Agricultural Research Service

Research Project: TECHNOLOGIES FOR ASSESSING SEDIMENT MOVEMENT & THE INTEGRITY OF FLOOD CONTROL STRUCTURES, STREAMBANKS, & EARTHEN POND-LEVEES & EMBANKMENTS

Location: Watershed Physical Processes Research Unit

Title: Spatial distribution of pipe collapses in Goodwin Creek Watershed, Mississippi

Authors
item Zhang, Tianyu -
item Wilson, Glenn

Submitted to: Hydrological Processes
Publication Type: Peer Reviewed Journal
Publication Acceptance Date: April 20, 2012
Publication Date: July 5, 2013
Repository URL: http://handle.nal.usda.gov/10113/56982
Citation: Zhang, T., Wilson, G.V. 2013. Spatial distribution of pipe collapses in Goodwin Creek Watershed, Mississippi. Hydrological Processes. 27:2032-2040.

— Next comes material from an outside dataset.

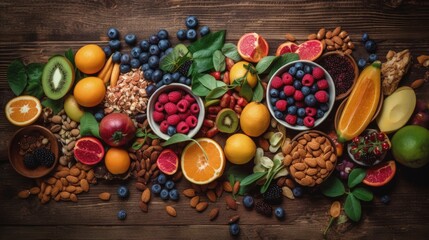 Bountiful harvest: Assorted fresh fruits and berries on a rustic wooden background. Generative AI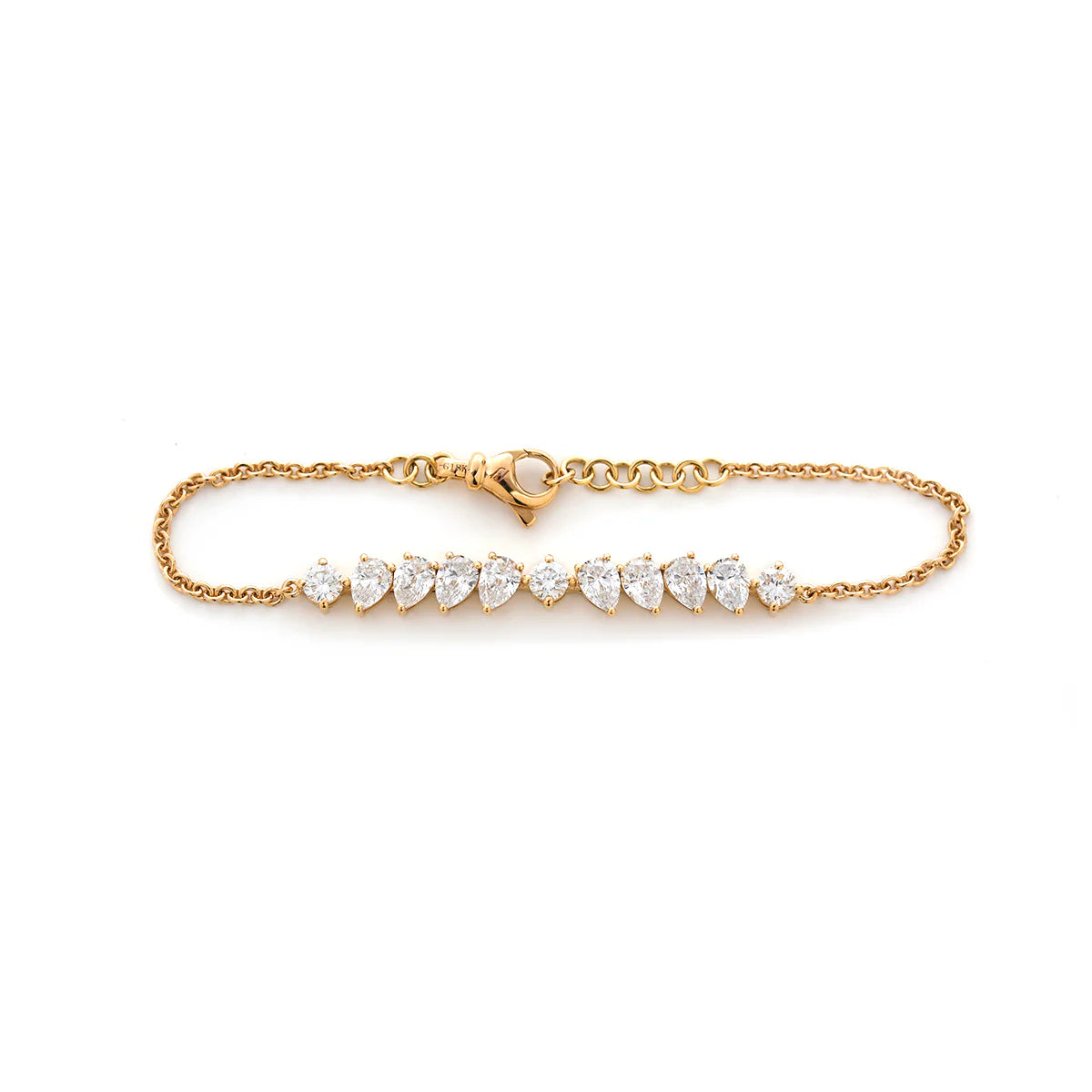 18K Yellow Gold Two-Shape Lab Diamond Bracelet – Round & Pear Cuts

Interpretive Summary: Erosion of the inside walls of soil pores can continue until the soil above the void collapses forming a depression on the surface. Such depressions indicate the existence of subsurface erosion and affect surface erosion processes. The objective of this study was to determine the locations of pipe collapses in agricultural fields of Goodwin Creek watershed and their effects on surface runoff. A survey of four parcels of land was carried out to detect pipe collapse locations, sizes, and elevation of the surround drainage area. A total of 145 pipe collapses were found and the density was 0.58 pipes ha-1. The pipe collapses were not uniformly spread around the fields but were mostly located in the flat alluvial plains where the landuse was predominately cropland. The soils were mainly Collins silt loam soil, Falaya silt loam and Calloway silt loam soil. One of the four parcels had 90% of the pipe collapses with a density of 7.7 pipes ha-1. The mean depth, area and volume of these pipe collapses were 0.12m, 0.34m2 and 0.02m3, respectively, and consisted mostly of small collapses with only a few large ones. There was no relationship between the drainage area contributing to the pipe and the slope of the land surface at the pipe. This is clear evidence that the subsurface flow processes that created the pipe collapses was not represented by surface topographic characteristics. The pipe collapses were found to intercept runoff thereby reducing the slope length factors by 6% and the drainage area by 7%. Both of these factors can reduce the sheet and rill erosion, however, the increased subsurface flow could enhance ephemeral gully erosion.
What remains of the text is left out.